The owner of a gardening supplies chain targeted in a major drug operation is distancing his company from the first of its workers to be tried since police swooped on Switched On Gardener's 16 branches.
Whangarei Switched On Gardener branch manager Ian Robert Kerr, 51, was found guilty of supplying equipment he knew was to be used for growing cannabis after a three-day trial this week.
Switched On Gardener owner Michael Quinlan told the Weekend Herald charges against staff members who knowingly broke the law did not reflect on his company.
"They are nothing to do with the actual management of the company - that's on an individual sitting."
Mr Quinlan is himself facing 35 counts of cultivating and supplying cannabis.
He was charged with 250 other people after police raided 35 businesses and numerous homes at the end of a two-year undercover investigation in April last year.
Police allege Kerr gave an undercover officer tips on male and female cannabis plants, the value of plants, lights, carbon filters and the type of equipment needed to grow drugs.
Speaking about staff members' actions yesterday, Mr Quinlan said: "It's like the situation of a [barman] selling to someone and he has to make a judgment call if he's drunk or not.
"Or a guy in a video store selling games to a person under the age of 18.
"If an employee breaks the law, is your boss responsible?
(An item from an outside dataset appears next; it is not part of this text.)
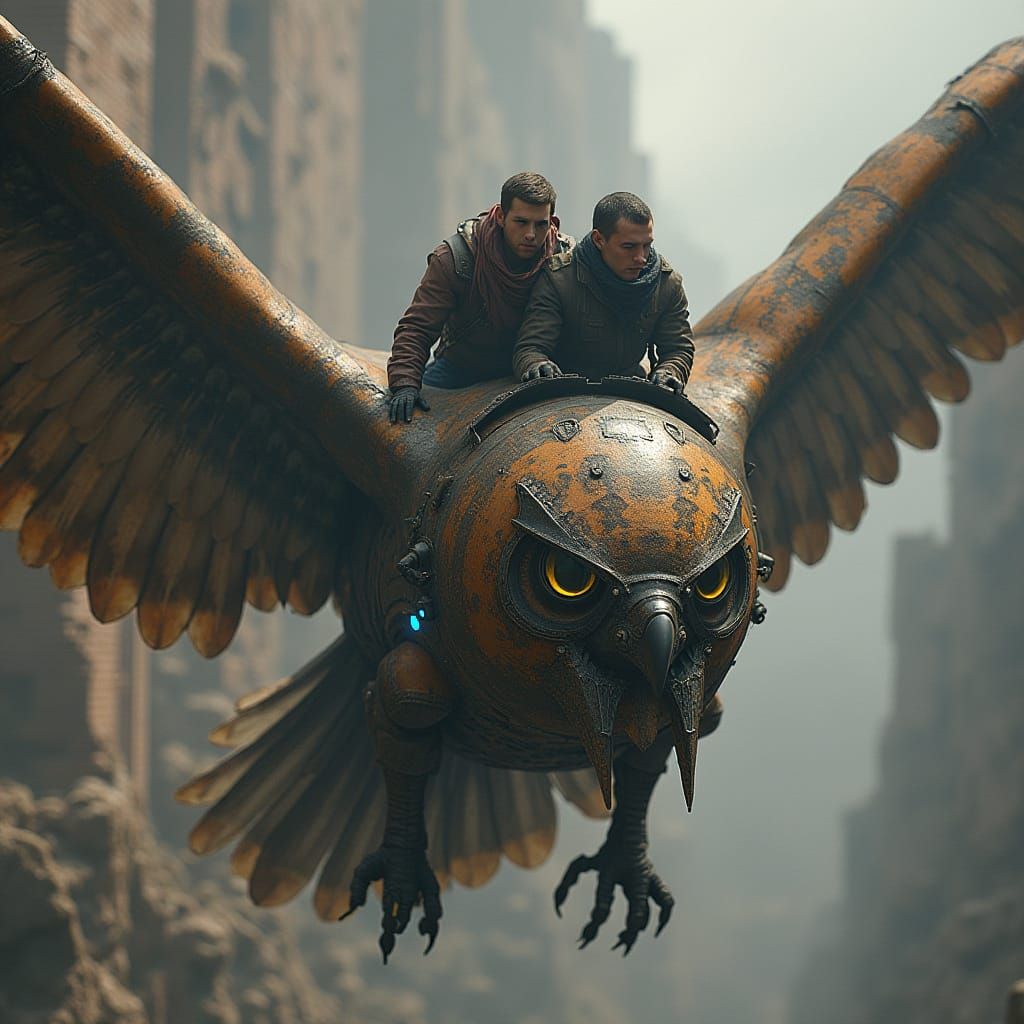 Armored Warriors on Mechanical Owl in Industrial Landscape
If you like having a drink after work and get caught drink-driving, what has that got to do with the company?
"The company can't be held responsible if you tried to drink and drive after work."
Mr Quinlan told the Weekend Herald last year police had seized $189,000 in a bank account, which he had planned to invest, and restrained his million-dollar Gulf Harbour home.
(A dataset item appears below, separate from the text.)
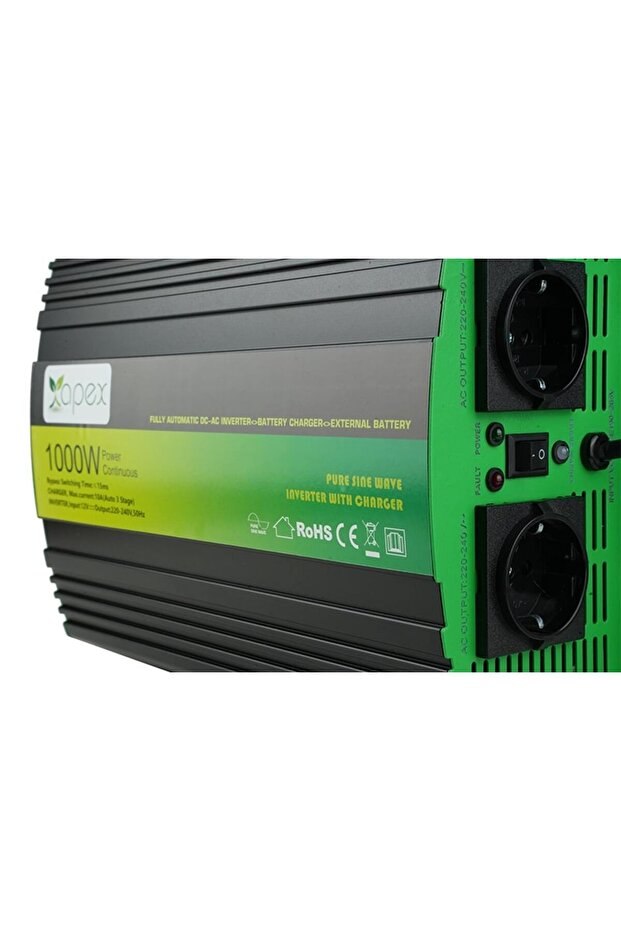 NPS1000-12 Apex Nps 1000W Şarjlı Tam Sinus Inverter 12V - 8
But yesterday, he would not discuss whether Kerr or other offending workers would have a future with the company, whether his firm would be offering legal support to charged workers, or the status of his own charges, citing his lawyers' advice.
Kerr, with partner and colleague Catherine Anne Collins, who was found not guilty of similar charges, also declined to comment.
Auckland University law professor Bill Hodge believed the undercover tactics used in Operation Lime had set an interesting precedent.
"It's another tool in the kit of drug enforcement authorities.
"I'd like it kept very tight and close, but in [Kerr's] case, to me this isn't even a close case, given his advice and cultivation assistance - it's quite specific."